I used to think questions were meant to be answered . . .
I started this blog in 2013 as a way to record my thoughts on a variety of topics—the right way of thinking about things, as I then perceived it. My perspective was just far enough off the beaten track of generally accepted opinion that it seemed rather treasonous, and I had just enough hubris to think someone might stumble upon this little corner of the blogosphere and care what I thought.
At that point in time, I craved certainty, getting the answer right. Questions were useful, but only insofar as they provided stepping stones to the answer. Some questions were even borderline threatening, as they disrupted the status quo of my thought processes and challenged me to reevaluate and reconsider what I thought I knew.
. . . but now I’m pretty sure questions are meant to be asked.
These days, I have a lot more questions than answers. I’m learning to hold things loosely and am slowly extracting myself from the damaging, destructive, and polarizing “I have the right answer, which means unless you agree with me, you have the wrong answer, and I have to try to correct you” attitude I had for much of my life.
I’ve encountered something sacred in the asking of a question, something inexplicably compelling in dancing with uncertainty.
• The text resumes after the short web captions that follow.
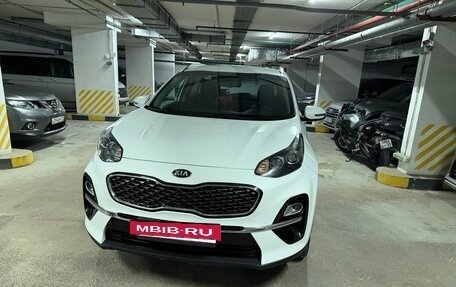 KIA Sportage IV рестайлинг, 2018 год, 2 150 000 рублей, 2 фотография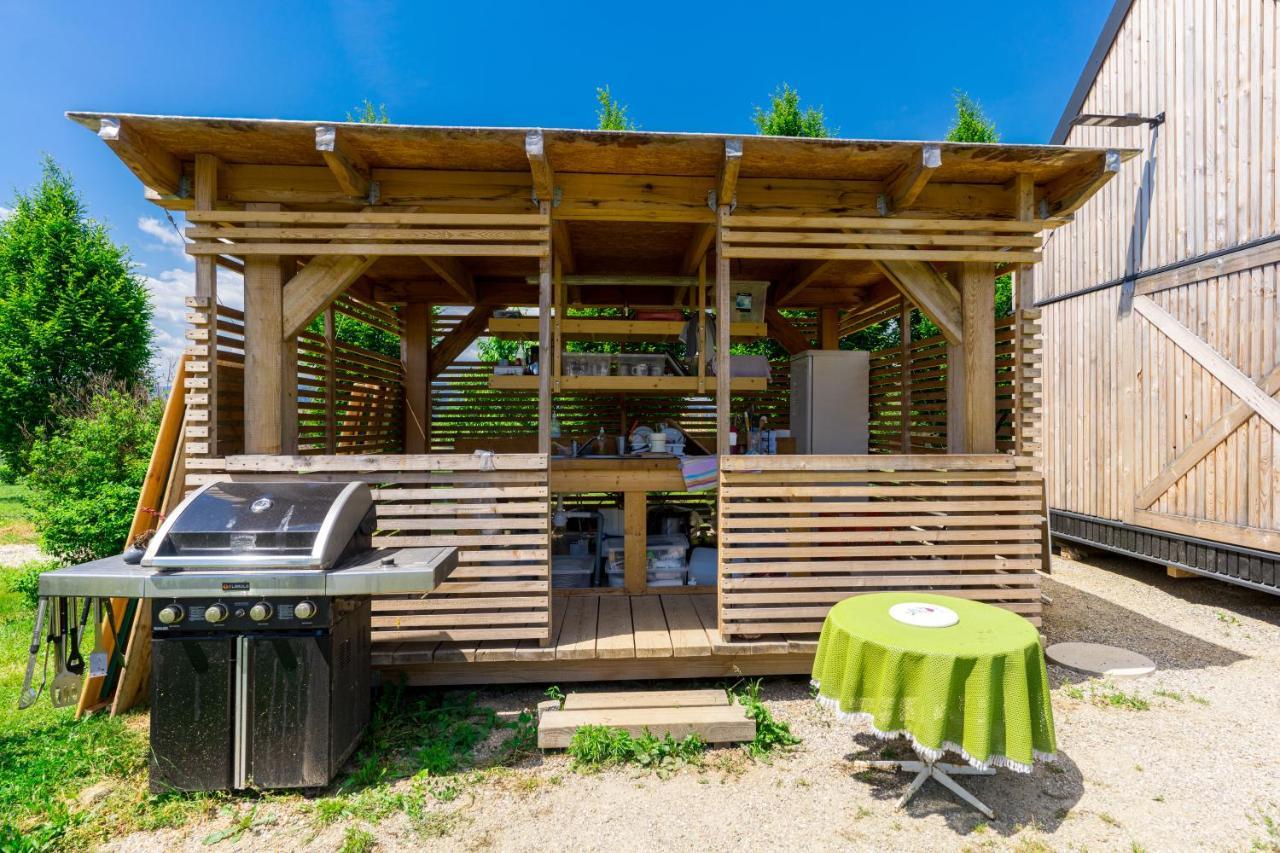 Horse Glamping Park Hotell Cirkovce Exteriör bild
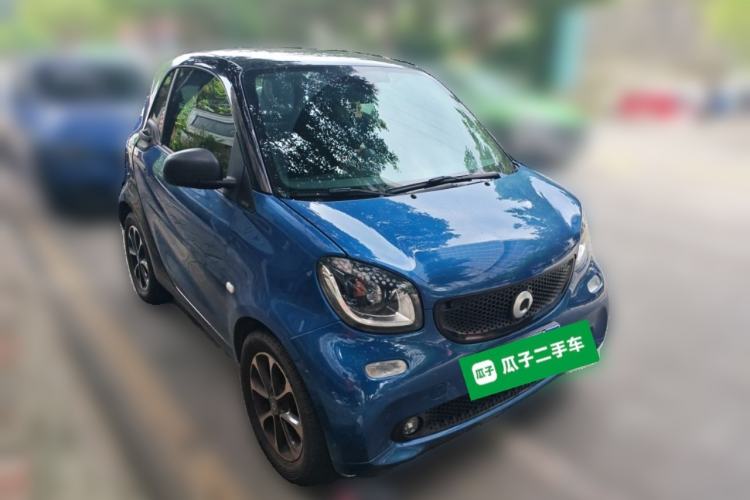 Used smart fortwo 2015 1.0L 52 kW Hardtop Passion Edition Front Right 45 Deg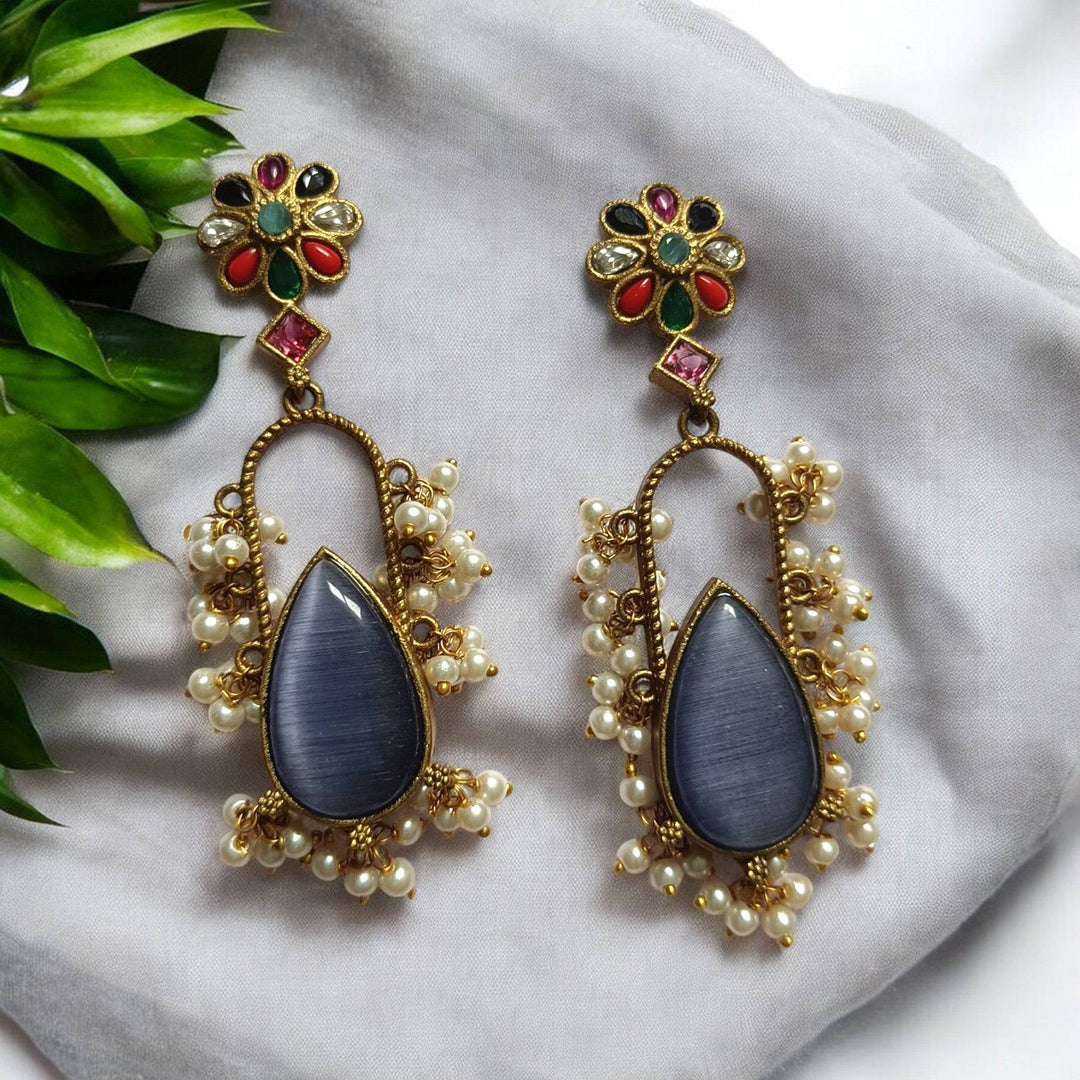 AAKRITI TIMELESS ELEGANT SILVER OXIDISED DUAL TONE PEARL EARRINGS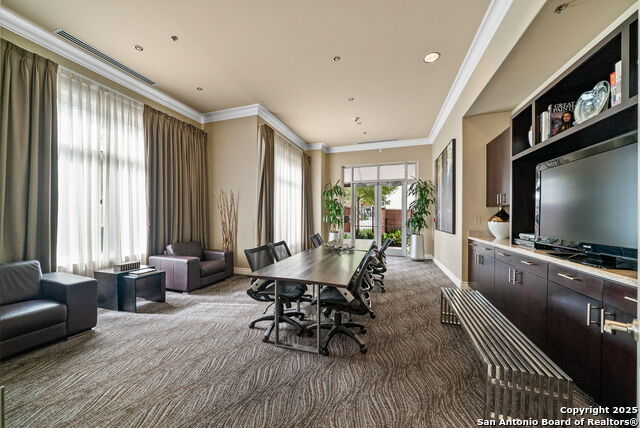 Listing photo id 30 for 215 Center Apt 3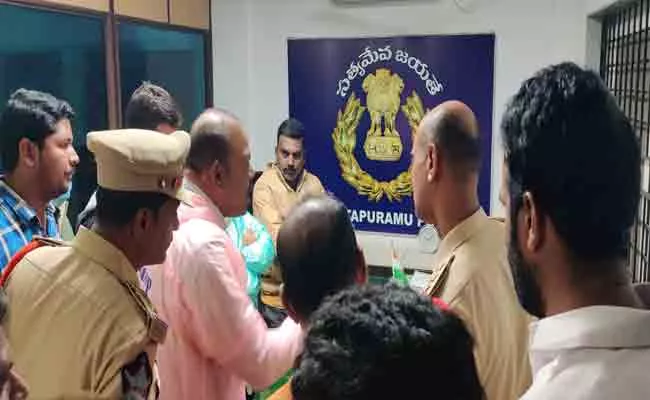 TDP And CPI Leaders Argument With Police Officers In Ananthapur - Sakshi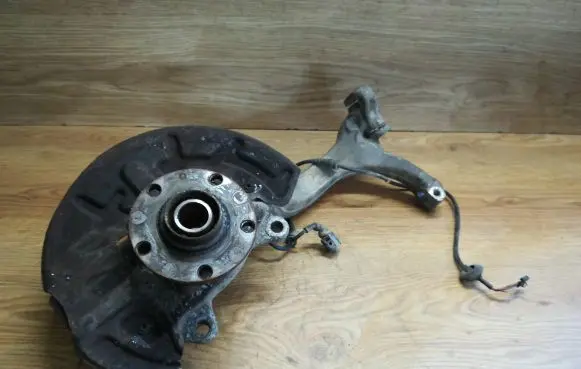Audi A4 S4 B6 8E 8H Front wheel hub spindle knuckle 8E0407241B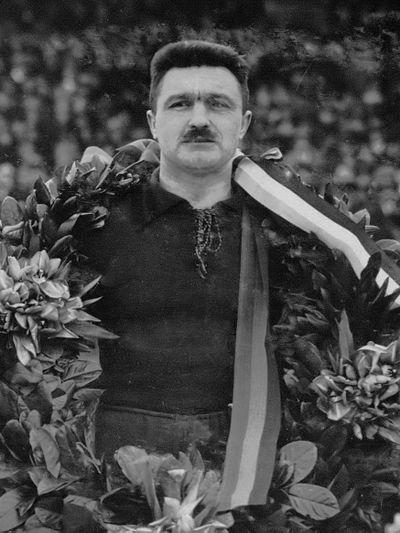 Photograph of Armand Swartenbroeks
And while it strikes me as odd, it seems that in today’s world being at peace with not knowing is even more treasonous than holding a fringe perspective with confidence.
A question for you.
I’m hoping to post more frequently. Shorter posts, probably, but a great deal less organized and formal than in the days of yore. I’ll start with a few things I’ve been puzzling over lately, but who knows where we’ll end up. I don’t think there’s anything so sacred that it can’t be questioned, or anything so certain that it’s not worth discussing.
This is an invitation to come on the journey with me. I know, this is the internet and we’re not supposed to read the comments, but let’s be real—we all do. So comment away—challenge, discuss, wonder, question—because as Rob Bell once wrote, the discussion itself is divine.
We all have a person that we used to be (and us now is our five-year-older self’s “used to be” 😳), and none of us got where we are now without some really patient people and heaps of grace. So let’s be patient with each other, heap grace, and let the adventure begin.
Are you in?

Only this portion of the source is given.